I published this a few months ago. In light of the recent suicide at a local high school, I think it’s worth a reread for parents.
A few years ago I worked with a 9th grade boy who, quite frankly, pushed my buttons. He was rude and offensive, and I really didn’t know if I could help him. Unfortunately, I think my feelings showed through, and it wasn’t long before he refused to see me. His parents then sent him to meet with a different therapist.
Not long after I learned that he was doing much better. His new therapist recognized that he was probably depressed and encouraged his parents to have him be evaluated by a psychiatrist who confirmed the suspicion. He then started a regimen of antidepressants, which was exactly what he needed to help him be a bit less oppositional and get back on-track.
To this day I kick myself for not seeing his behavior as a sign of depression. Instead, I viewed him as an oppositional teen and tried to help him and his family with that in-mind. In fairness, the depression was pretty difficult to recognize. Still, had I picked up on it, I probably could have helped save him and his family some heartache.

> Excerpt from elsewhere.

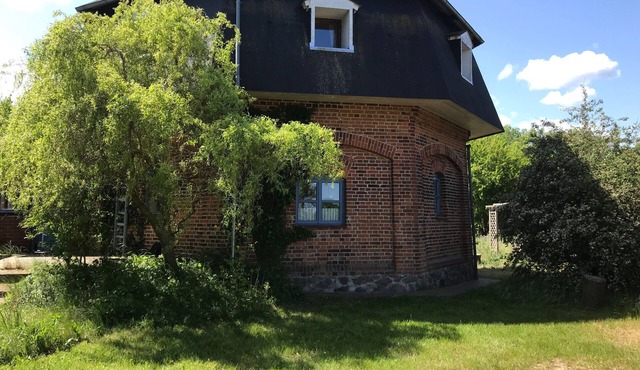 Ahlhorn- Ehemalige Windmühle - Ahlhorn- Fewo in Ehemailiger Windmühle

What’s tricky is that most of the time depressed teens look like most other depressed people: sad, crying, sleeping too much or too little, not wanting to do what they usually do, thoughts of suicide, etc. But other times, like the teen I mentioned, they can look very different.
If I were the parent of a teenager reading this I’d probably be confused and somewhat irritated, and I could imagine myself saying, “So, you’re telling me that my obnoxious teenager, who’d rather spend the night in his bedroom than play Sorry with our family, could be depressed? Really! Isn’t this normal? All my friends complain about the same stuff with their teens.”
You’re right; this stuff is normal. What’s not normal is when their oppositional behavior comes with more intense, frequent and concerning choices. His grades have slipped a little. He’ll pull them up. Then they fall even more. She’s no longer hanging out with her childhood friends. No big thing; interests change. Oops, you catch her smoking pot with her new friends. You ask him to trim the roses and he complains (of course) before doing it. But aren’t those cuts on his wrist a bit deeper than he’d get from the thorns? She seemed to be eating a bit less than usual, which was no big deal when it was swimsuit season. But her clothes keep getting looser and looser. I get it that teens spend a ton of time in their rooms, but isn’t it a bit excessive? Then you look at his social media posts and they’re pretty macabre, and then you find he’s searched for ways to commit suicide and make it look like an accident.
So when you put the pieces of the puzzle together, you have more than your typical oppositional adolescent: grades have slipped, friends have changed, drug use, probable cutting, possible eating disorder, isolation, and thoughts of suicide. You have more than Susie telling you that she hates you.
Believe me, it can be tough to take a step back and put it all together. But if you notice that your teen is struggling more than just being a bratty kid you fantasize about sending to boarding school, it could be because she’s depressed and struggling more than you’d ever guess. Even if it were just for your peace of mind, it’d be a good idea to have her checked-out.